▶ **Data for this task**
+===+

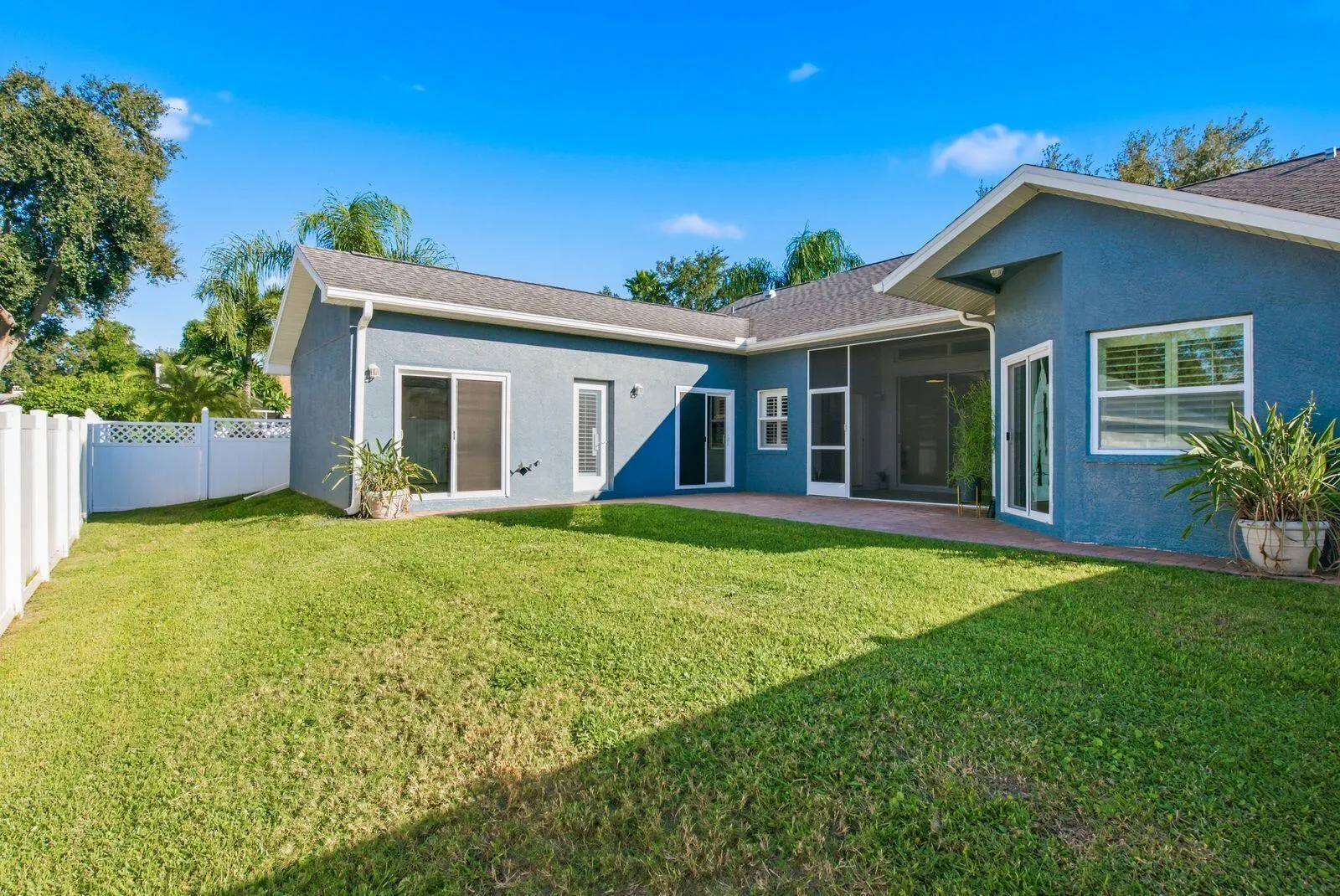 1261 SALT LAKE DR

+===+

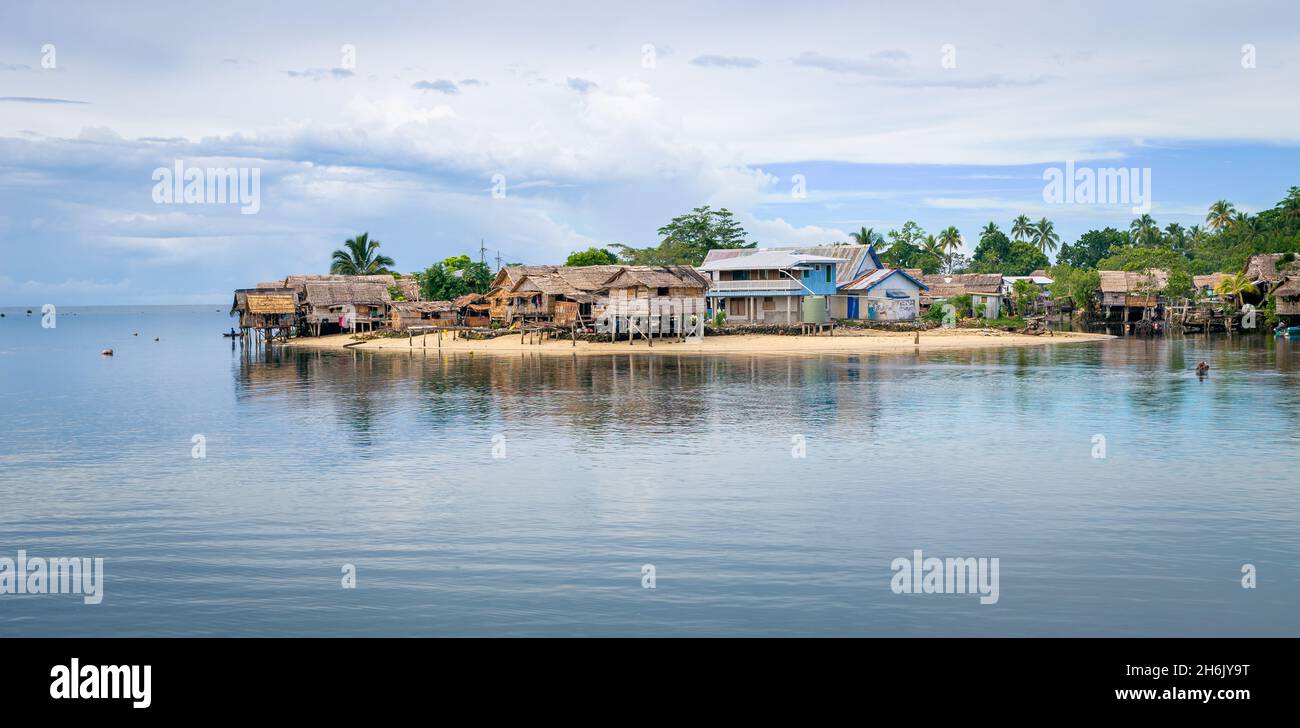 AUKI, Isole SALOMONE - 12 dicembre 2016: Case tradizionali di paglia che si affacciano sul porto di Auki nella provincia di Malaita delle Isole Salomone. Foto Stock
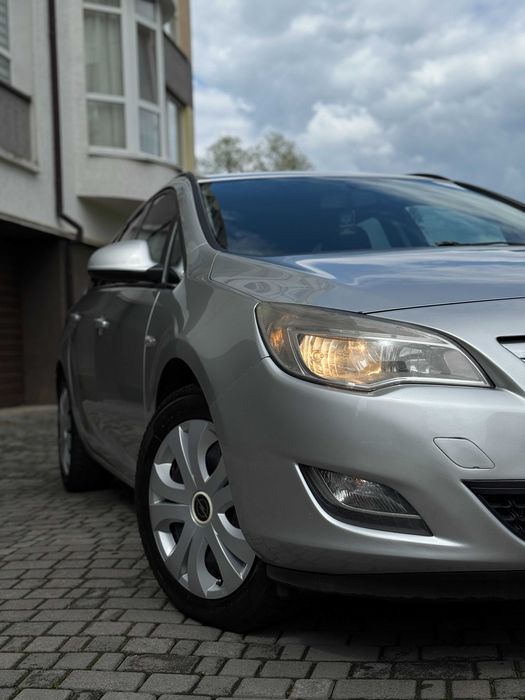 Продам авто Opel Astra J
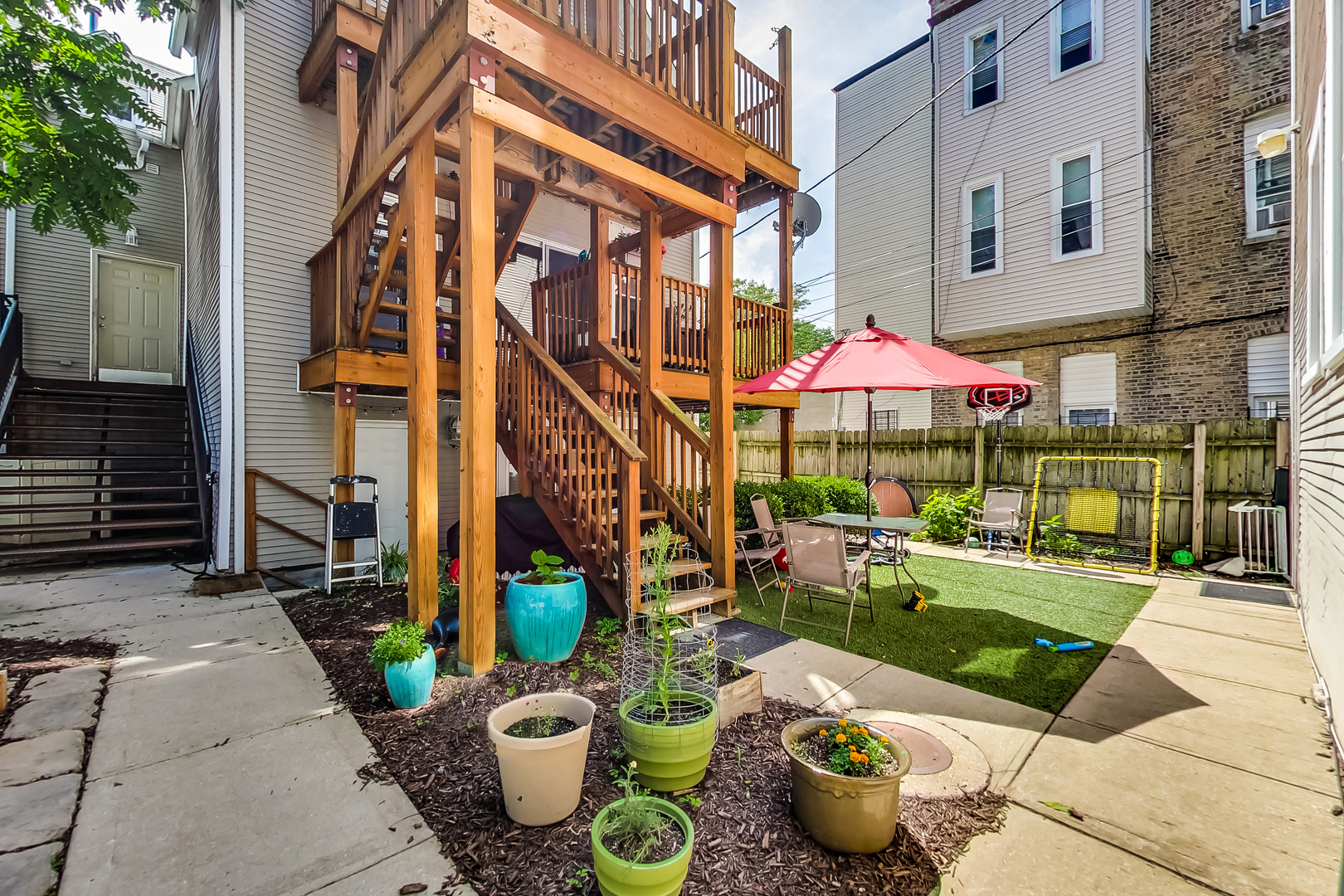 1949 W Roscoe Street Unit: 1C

+===+

▶ **What you are asked to do**
For the entries above, print exactly the lines between the one with "AUKI, Isole SALOMONE" and the one with "1949 W Roscoe Street Unit: 1C", inclusive, with no pictures.

▶ **Exercise answer**
 AUKI, Isole SALOMONE - 12 dicembre 2016: Case tradizionali di paglia che si affacciano sul porto di Auki nella provincia di Malaita delle Isole Salomone. Foto Stock
 Продам авто Opel Astra J
 1949 W Roscoe Street Unit: 1C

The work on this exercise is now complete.